◆ Extracted data
....
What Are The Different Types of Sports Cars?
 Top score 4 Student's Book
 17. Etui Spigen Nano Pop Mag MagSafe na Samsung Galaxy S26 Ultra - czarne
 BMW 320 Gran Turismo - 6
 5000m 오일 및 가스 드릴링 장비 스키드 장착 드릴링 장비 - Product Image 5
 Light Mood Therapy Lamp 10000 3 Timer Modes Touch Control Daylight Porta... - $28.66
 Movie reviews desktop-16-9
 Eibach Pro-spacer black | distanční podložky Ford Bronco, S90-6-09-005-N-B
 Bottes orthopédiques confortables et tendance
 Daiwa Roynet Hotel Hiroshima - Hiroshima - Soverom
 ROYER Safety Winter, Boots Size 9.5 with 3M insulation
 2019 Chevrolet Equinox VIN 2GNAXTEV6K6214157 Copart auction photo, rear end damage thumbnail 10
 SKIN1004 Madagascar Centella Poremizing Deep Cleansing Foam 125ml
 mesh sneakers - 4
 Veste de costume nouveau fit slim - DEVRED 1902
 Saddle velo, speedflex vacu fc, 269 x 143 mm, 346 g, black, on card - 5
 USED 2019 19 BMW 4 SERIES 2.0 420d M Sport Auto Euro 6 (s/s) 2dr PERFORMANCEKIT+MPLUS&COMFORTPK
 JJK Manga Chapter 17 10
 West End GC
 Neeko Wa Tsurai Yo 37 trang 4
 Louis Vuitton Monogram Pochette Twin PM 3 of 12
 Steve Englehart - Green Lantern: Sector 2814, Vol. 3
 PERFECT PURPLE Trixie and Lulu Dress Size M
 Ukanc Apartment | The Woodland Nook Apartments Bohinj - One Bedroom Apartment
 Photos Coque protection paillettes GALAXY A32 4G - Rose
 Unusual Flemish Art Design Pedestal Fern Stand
....
◆ How to complete this task
Could you count the lines of the listing above that hold the word "black" and give only the total?

◆ Solution
2